What is required: What you return must match the listing below line for line, minus its pictures.

Available data:
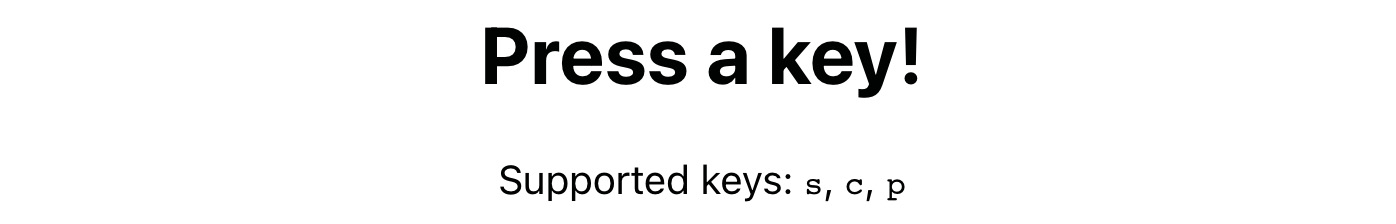 Figure 11.3: The running starting project 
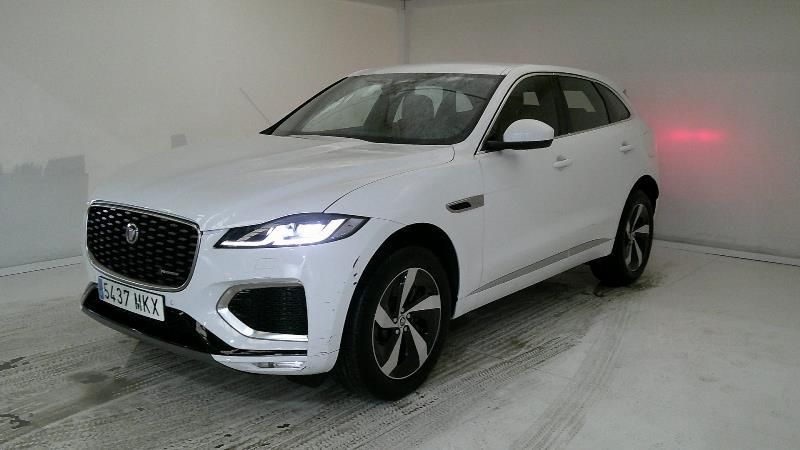 Jaguar F-Pace d'occasion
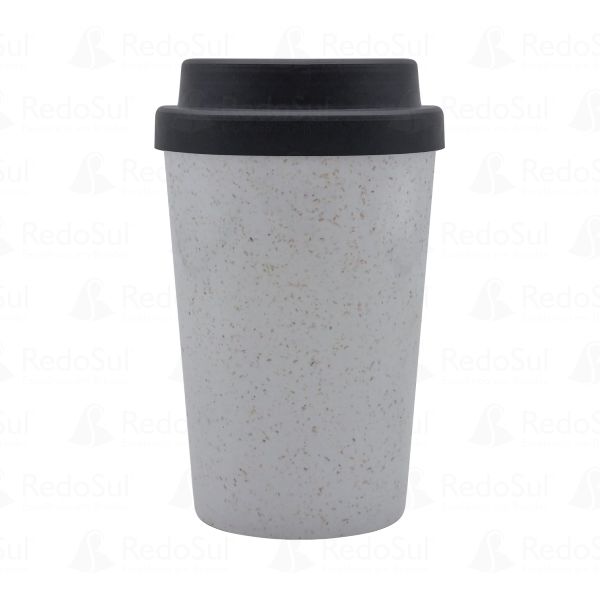 Copo de Café Personalizado ecológico com fibra de bambu Copo de Café Personalizado ecológico com fibra de bambu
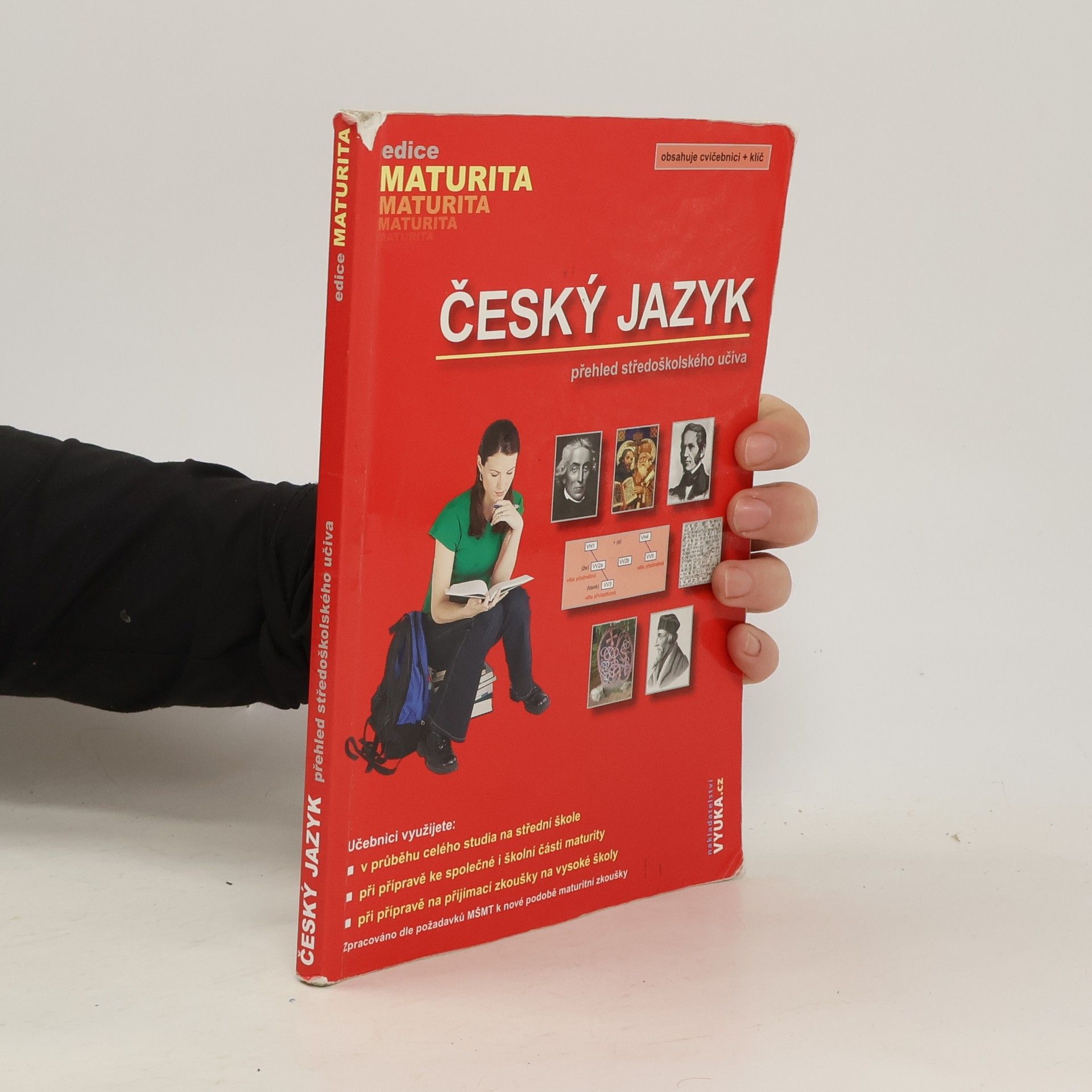 Drahuše Mašková Český jazyk. Přehled středoškolského učiva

Result of the exercise:
 Figure 11.3: The running starting project 
 Jaguar F-Pace d'occasion
 Copo de Café Personalizado ecológico com fibra de bambu Copo de Café Personalizado ecológico com fibra de bambu
 Drahuše Mašková Český jazyk. Přehled středoškolského učiva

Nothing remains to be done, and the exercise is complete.